(Beginning of RECORDS PROVIDED)

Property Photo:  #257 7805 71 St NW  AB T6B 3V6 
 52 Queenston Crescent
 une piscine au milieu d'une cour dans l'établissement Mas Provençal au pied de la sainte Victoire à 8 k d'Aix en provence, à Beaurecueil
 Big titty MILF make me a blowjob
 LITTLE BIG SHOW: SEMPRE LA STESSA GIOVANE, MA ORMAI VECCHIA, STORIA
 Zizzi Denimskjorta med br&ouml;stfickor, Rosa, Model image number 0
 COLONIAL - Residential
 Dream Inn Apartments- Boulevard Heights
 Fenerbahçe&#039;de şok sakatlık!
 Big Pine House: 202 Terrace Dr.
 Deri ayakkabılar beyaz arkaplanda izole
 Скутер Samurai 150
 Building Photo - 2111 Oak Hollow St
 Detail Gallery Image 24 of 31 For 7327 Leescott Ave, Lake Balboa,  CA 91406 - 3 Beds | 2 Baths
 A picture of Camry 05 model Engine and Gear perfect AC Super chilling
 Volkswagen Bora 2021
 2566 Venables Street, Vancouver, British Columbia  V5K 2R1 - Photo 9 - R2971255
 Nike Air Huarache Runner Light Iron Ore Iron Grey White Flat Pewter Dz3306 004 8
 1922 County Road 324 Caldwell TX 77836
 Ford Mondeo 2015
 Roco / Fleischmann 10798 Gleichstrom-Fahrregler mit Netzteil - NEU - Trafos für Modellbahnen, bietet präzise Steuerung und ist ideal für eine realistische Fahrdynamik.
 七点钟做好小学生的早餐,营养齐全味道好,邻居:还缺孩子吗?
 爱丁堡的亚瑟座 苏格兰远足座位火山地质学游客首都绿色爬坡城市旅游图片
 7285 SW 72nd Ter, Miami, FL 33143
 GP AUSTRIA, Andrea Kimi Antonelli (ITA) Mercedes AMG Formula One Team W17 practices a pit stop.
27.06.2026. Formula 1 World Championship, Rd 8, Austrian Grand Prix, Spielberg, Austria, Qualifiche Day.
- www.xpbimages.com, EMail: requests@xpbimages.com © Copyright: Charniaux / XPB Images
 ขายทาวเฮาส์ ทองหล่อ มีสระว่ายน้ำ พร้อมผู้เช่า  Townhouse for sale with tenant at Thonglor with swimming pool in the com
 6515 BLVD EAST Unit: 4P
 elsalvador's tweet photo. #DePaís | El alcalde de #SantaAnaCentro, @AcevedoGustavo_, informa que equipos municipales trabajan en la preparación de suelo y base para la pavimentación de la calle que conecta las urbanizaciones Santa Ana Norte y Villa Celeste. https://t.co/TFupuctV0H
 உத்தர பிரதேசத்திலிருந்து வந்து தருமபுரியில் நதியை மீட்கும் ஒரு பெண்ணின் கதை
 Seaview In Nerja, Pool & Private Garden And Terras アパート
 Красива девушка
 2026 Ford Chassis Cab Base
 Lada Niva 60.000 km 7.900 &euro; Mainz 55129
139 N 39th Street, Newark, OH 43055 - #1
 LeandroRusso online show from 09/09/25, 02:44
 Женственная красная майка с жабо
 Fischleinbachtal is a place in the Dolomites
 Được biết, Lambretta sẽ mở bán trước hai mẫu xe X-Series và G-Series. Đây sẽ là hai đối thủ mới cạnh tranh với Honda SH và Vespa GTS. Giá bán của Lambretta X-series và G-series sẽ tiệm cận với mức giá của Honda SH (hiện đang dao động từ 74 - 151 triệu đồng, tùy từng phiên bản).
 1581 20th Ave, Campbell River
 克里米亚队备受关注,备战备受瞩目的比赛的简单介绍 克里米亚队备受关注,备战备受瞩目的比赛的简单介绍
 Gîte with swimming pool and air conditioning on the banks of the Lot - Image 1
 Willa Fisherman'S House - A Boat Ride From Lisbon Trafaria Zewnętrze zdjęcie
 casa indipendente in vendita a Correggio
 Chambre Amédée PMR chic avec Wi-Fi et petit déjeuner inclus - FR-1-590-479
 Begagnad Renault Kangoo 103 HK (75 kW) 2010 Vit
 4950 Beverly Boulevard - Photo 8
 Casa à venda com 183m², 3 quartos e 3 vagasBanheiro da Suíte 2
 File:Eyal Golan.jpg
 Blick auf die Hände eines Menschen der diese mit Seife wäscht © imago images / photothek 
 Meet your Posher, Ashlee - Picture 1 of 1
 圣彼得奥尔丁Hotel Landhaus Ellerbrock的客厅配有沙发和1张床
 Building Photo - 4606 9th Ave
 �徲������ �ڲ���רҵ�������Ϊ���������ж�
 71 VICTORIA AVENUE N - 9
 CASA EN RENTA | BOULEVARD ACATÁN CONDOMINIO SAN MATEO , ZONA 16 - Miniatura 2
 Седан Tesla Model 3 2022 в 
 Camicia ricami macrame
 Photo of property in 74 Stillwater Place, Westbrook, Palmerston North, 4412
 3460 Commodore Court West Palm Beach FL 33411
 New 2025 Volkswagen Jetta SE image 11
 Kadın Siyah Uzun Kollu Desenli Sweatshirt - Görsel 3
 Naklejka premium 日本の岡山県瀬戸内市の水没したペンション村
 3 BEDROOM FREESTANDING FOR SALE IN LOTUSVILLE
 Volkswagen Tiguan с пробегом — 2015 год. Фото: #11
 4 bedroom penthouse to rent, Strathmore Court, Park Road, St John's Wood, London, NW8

(End of RECORDS PROVIDED)

PROBLEM DETAILS: What you give back must be the stretch above, starting at the line with "Big Pine House: 202 Terrace Dr." and ending at the line with "Được biết, Lambretta", copied exactly.

ANSWER BOX:
 Big Pine House: 202 Terrace Dr.
 Deri ayakkabılar beyaz arkaplanda izole
 Скутер Samurai 150
 Building Photo - 2111 Oak Hollow St
 Detail Gallery Image 24 of 31 For 7327 Leescott Ave, Lake Balboa,  CA 91406 - 3 Beds | 2 Baths
 A picture of Camry 05 model Engine and Gear perfect AC Super chilling
 Volkswagen Bora 2021
 2566 Venables Street, Vancouver, British Columbia  V5K 2R1 - Photo 9 - R2971255
 Nike Air Huarache Runner Light Iron Ore Iron Grey White Flat Pewter Dz3306 004 8
 1922 County Road 324 Caldwell TX 77836
 Ford Mondeo 2015
 Roco / Fleischmann 10798 Gleichstrom-Fahrregler mit Netzteil - NEU - Trafos für Modellbahnen, bietet präzise Steuerung und ist ideal für eine realistische Fahrdynamik.
 七点钟做好小学生的早餐,营养齐全味道好,邻居:还缺孩子吗?
 爱丁堡的亚瑟座 苏格兰远足座位火山地质学游客首都绿色爬坡城市旅游图片
 7285 SW 72nd Ter, Miami, FL 33143
 GP AUSTRIA, Andrea Kimi Antonelli (ITA) Mercedes AMG Formula One Team W17 practices a pit stop.
27.06.2026. Formula 1 World Championship, Rd 8, Austrian Grand Prix, Spielberg, Austria, Qualifiche Day.
- www.xpbimages.com, EMail: requests@xpbimages.com © Copyright: Charniaux / XPB Images
 ขายทาวเฮาส์ ทองหล่อ มีสระว่ายน้ำ พร้อมผู้เช่า  Townhouse for sale with tenant at Thonglor with swimming pool in the com
 6515 BLVD EAST Unit: 4P
 elsalvador's tweet photo. #DePaís | El alcalde de #SantaAnaCentro, @AcevedoGustavo_, informa que equipos municipales trabajan en la preparación de suelo y base para la pavimentación de la calle que conecta las urbanizaciones Santa Ana Norte y Villa Celeste. https://t.co/TFupuctV0H
 உத்தர பிரதேசத்திலிருந்து வந்து தருமபுரியில் நதியை மீட்கும் ஒரு பெண்ணின் கதை
 Seaview In Nerja, Pool & Private Garden And Terras アパート
 Красива девушка
 2026 Ford Chassis Cab Base
 Lada Niva 60.000 km 7.900 &euro; Mainz 55129
139 N 39th Street, Newark, OH 43055 - #1
 LeandroRusso online show from 09/09/25, 02:44
 Женственная красная майка с жабо
 Fischleinbachtal is a place in the Dolomites
 Được biết, Lambretta sẽ mở bán trước hai mẫu xe X-Series và G-Series. Đây sẽ là hai đối thủ mới cạnh tranh với Honda SH và Vespa GTS. Giá bán của Lambretta X-series và G-series sẽ tiệm cận với mức giá của Honda SH (hiện đang dao động từ 74 - 151 triệu đồng, tùy từng phiên bản).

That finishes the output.